Task details
Output each line of the listing exactly, though pictures are not to appear.

Provided material
● ● ● ● ●

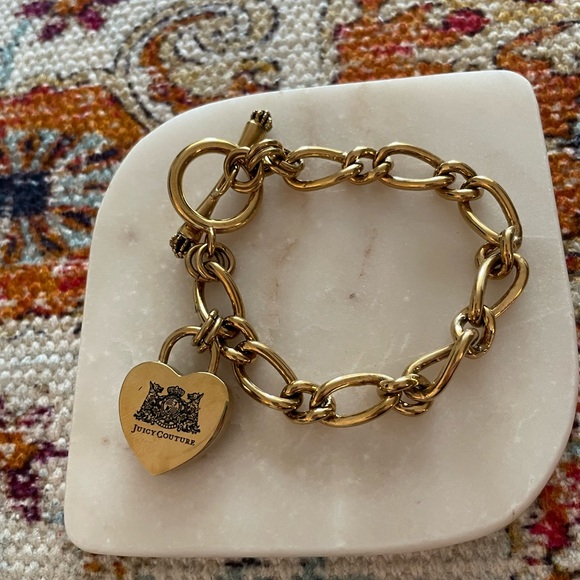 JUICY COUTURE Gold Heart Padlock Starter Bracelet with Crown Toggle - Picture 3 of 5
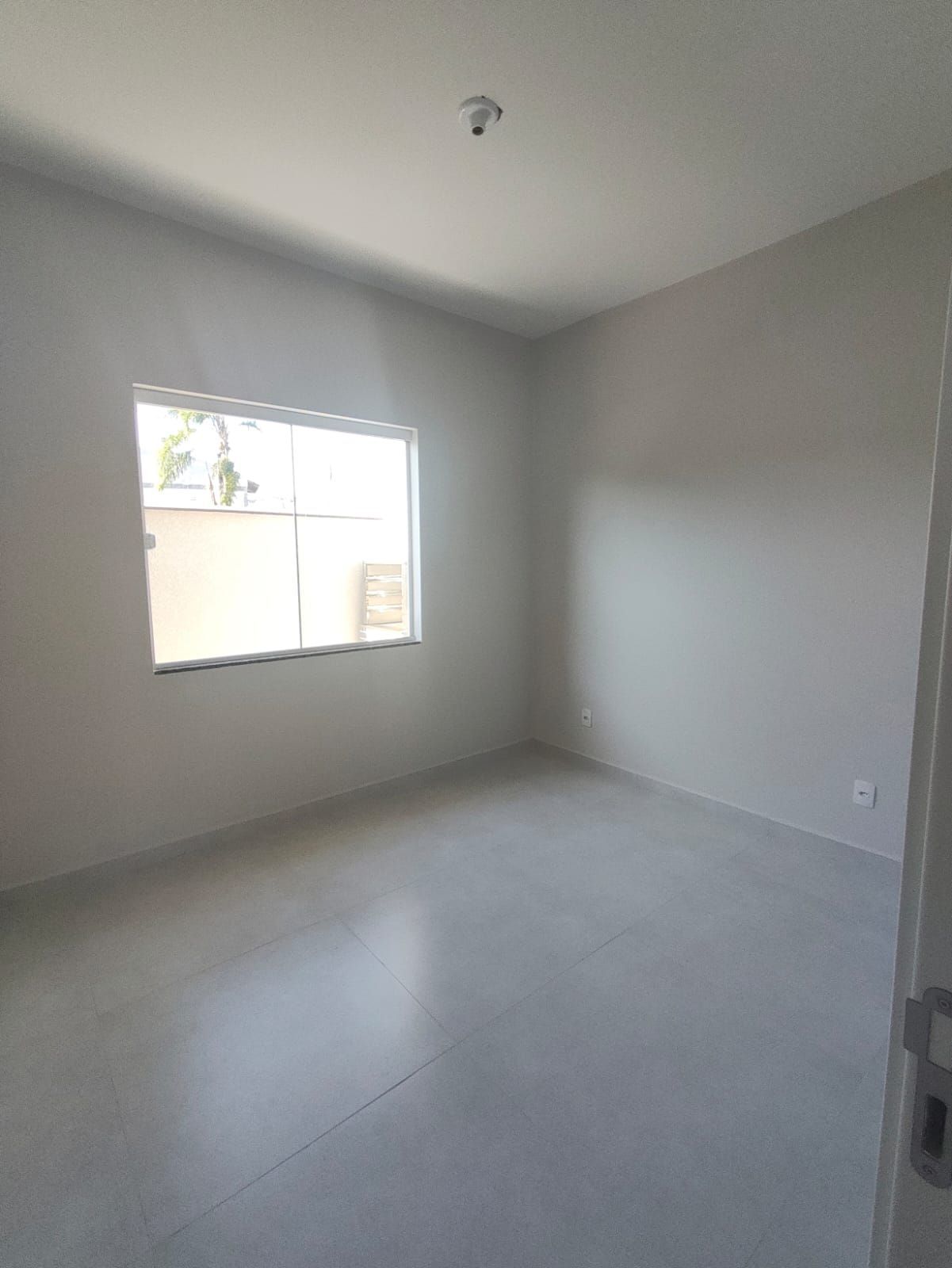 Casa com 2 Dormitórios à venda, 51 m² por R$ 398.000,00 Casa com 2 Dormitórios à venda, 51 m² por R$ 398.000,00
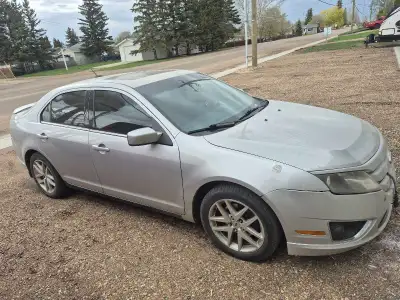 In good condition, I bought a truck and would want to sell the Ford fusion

● ● ● ● ●

The answer
 JUICY COUTURE Gold Heart Padlock Starter Bracelet with Crown Toggle - Picture 3 of 5
 Casa com 2 Dormitórios à venda, 51 m² por R$ 398.000,00 Casa com 2 Dormitórios à venda, 51 m² por R$ 398.000,00
 In good condition, I bought a truck and would want to sell the Ford fusion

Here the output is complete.